THE dramatic crash in Google’s share price and the temporary suspension of trading in its shares made headline news. The event was triggered by a 20 per cent year-on-year fall in profits in the third quarter of this year.
As usual, there was no shortage of explanations for why this happened – after the event, of course. A simple search of Yahoo! Finance of more than 40 brokers shows that, in the previous three months, all had recommended “strong buy”, “buy” or “hold”. Not a single one classed the stock as “underperform” or “sell”. Indeed, over the whole previous year, Google’s share price had risen more or less continuously, by a total of around 30 per cent.
But once the collapse happened, everything became crystal clear. It was apparent that Google’s $12.5bn (£7.8bn) acquisition of Motorola was a mistake, as the mobile phone manufacturer has been left behind by fashionable rivals. It was also obvious that advertisers were reducing their payments on click-through ads because of the switch to mobile devices by consumers.
It is fun to mock analysts when they are wrong. But the Google incident has wider implications for the sort of world in which companies now have to operate.

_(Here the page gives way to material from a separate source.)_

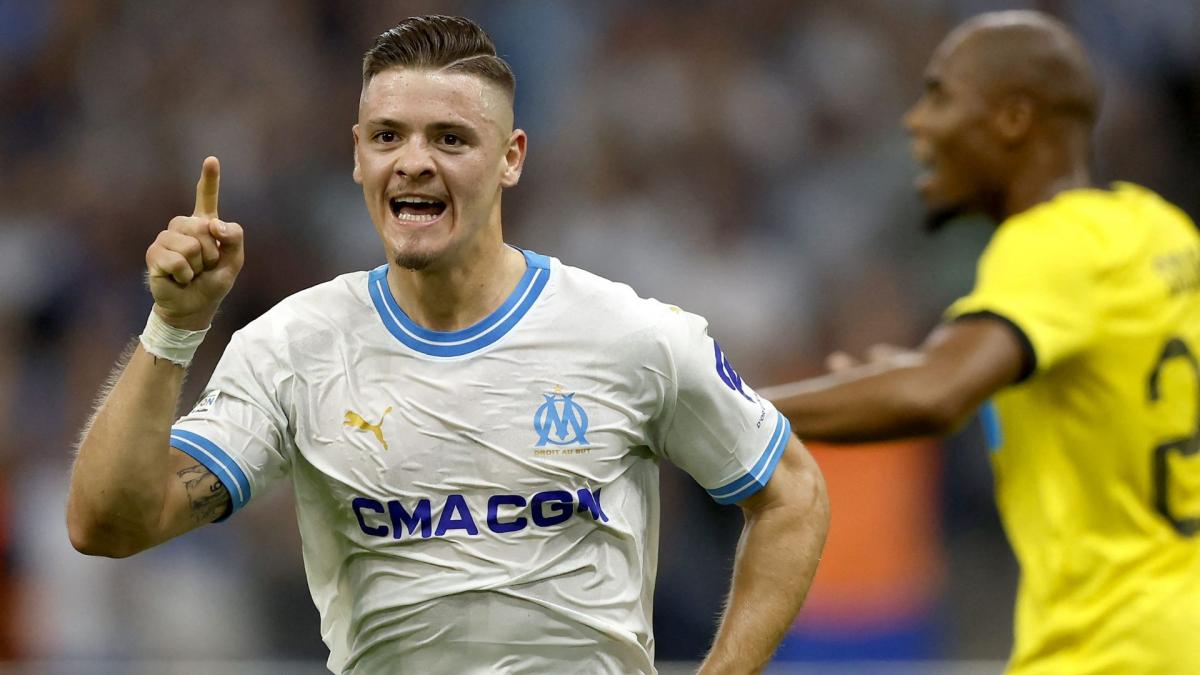 Genoa, De Rossi: “Vitinha is a full-back who wears number 9 by chance”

We are in a state of flux about how to set prices in the revolutionary medium of the internet. Standard economic theory is no help at all. It tells a company to set prices equal to marginal cost – in other words, to equate its prices to the cost of producing and selling one more item. But for many web-based applications, the marginal cost is zero. Once your system is set up, it costs nothing when the next customer clicks on the site. All we can say is that we are in a process of rapid evolution, and no one has yet worked out a satisfactory answer on price.
The wider issue relates to corporate reputation. In the highly networked and connected world in which we live, companies can be blindsided by entirely unexpected reactions to events. Google knew about Motorola and advertising rates. More importantly, Google knew that the analysts knew. But the actual reaction seems to have come as a complete surprise to everyone involved.
In a similar way, news of MPs expenses eventually exploded into a crisis that shook the country’s political foundations, while the phone hacking undertaken by some in the media swiftly brought down the News of the World, a former stalwart of Britain’s fourth estate.
This inherent uncertainty about which stories will gain traction, and in what way, is a deep feature of networked systems – systems in which people react to the reactions of other people. Even small scale events or an adverse comment on a blog have the potential to go viral. Understanding and managing reputation in this new, emerging world is a major challenge for all companies.
Paul Ormerod is an economist at Volterra Partners, a director of the think-tank Synthesis and author of Positive Linking: How Networks Can Revolutionise the World (Faber & Faber).